Estamos ante la falsa creencia de que tomamos decisiones al votar, pero el orden social se decide en consejos de administración privados con la connivencia de los gobiernos y de otros poderes  -hoy, también los potentes medios de comunicación-. Como en la Edad Media, si el señor, los señores, emprenden una campaña, y fracasan, se paga con los impuestos de los nuevos siervos, o se les recorta la paga en nuestro caso. El señor nunca pierde. Al igual que en las Cruzadas, los señores van con sus estandartes -ahora sus logos- a conquistar nuevos mercados y nuevas fuentes de financiación -catequizar infieles era la excusa-, sufragados por la plebe y, de nuevo, sin repartir beneficios. Lo que es peor, ahora les bordamos sus logos entusiasmados, consumiendo cuanto nos mandan.

«Washington concederá más ayudas a General Motors y Chrysler» -leo-. Ni el meritorio Obama cambia completamente el rumbo, ahora esto, tras prometer insuflar también un nuevo billón de dólares al sistema. Que los causantes de la crisis no estén en la cárcel, que incluso cobren sus primas pactadas como si nada pasara, casi es una anécdota. Muy ilustrativa, eso sí. Angela Merkel, la envidiable conservadora alemana, «anticipa que la próxima reunión del G20 no resolverá la crisis» -dice que harán falta muchas más-.
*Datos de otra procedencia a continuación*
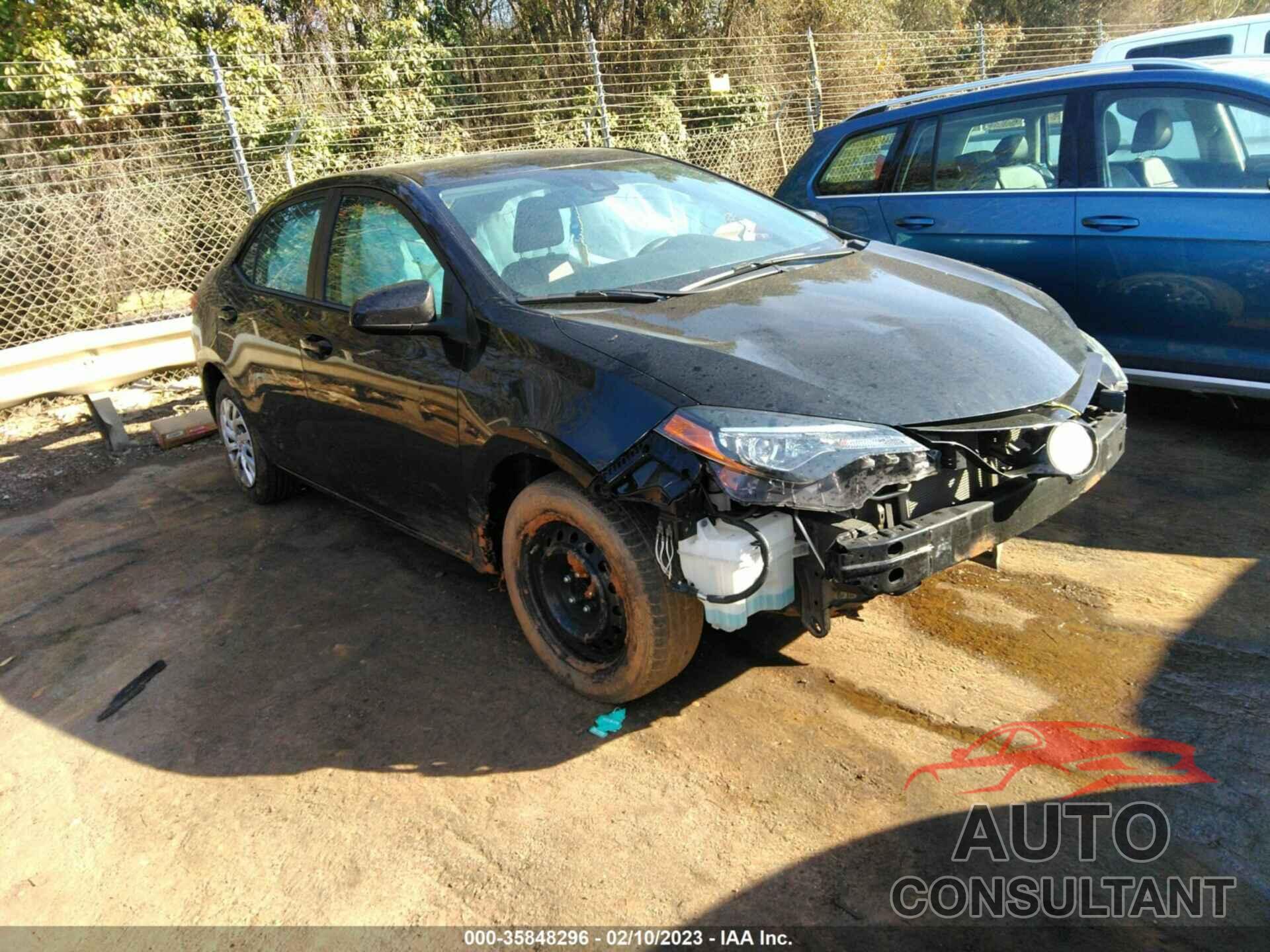 TOYOTA COROLLA 2018 - 5YFBURHE0JP847450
Los nuevos siervos seguiremos pagando, ajustando un agujero más cada vez los cinturones. Traigo de nuevo la frase premonitoria de Josep Stiglitz, Premio Nobel de Economía, sobre las medidas que se estaban -y están- adoptando «es como poner transfusiones a alguien con hemorragia interna». Lo único es que, como en el feudalismo, quien lucha y se desangra es el ciudadano. Nos van a hacer vivir una espantosa agonía, hasta que se convenzan de que, por este camino, no vamos a ninguna parte. Y, digo yo, algo tendremos que decir ¿no?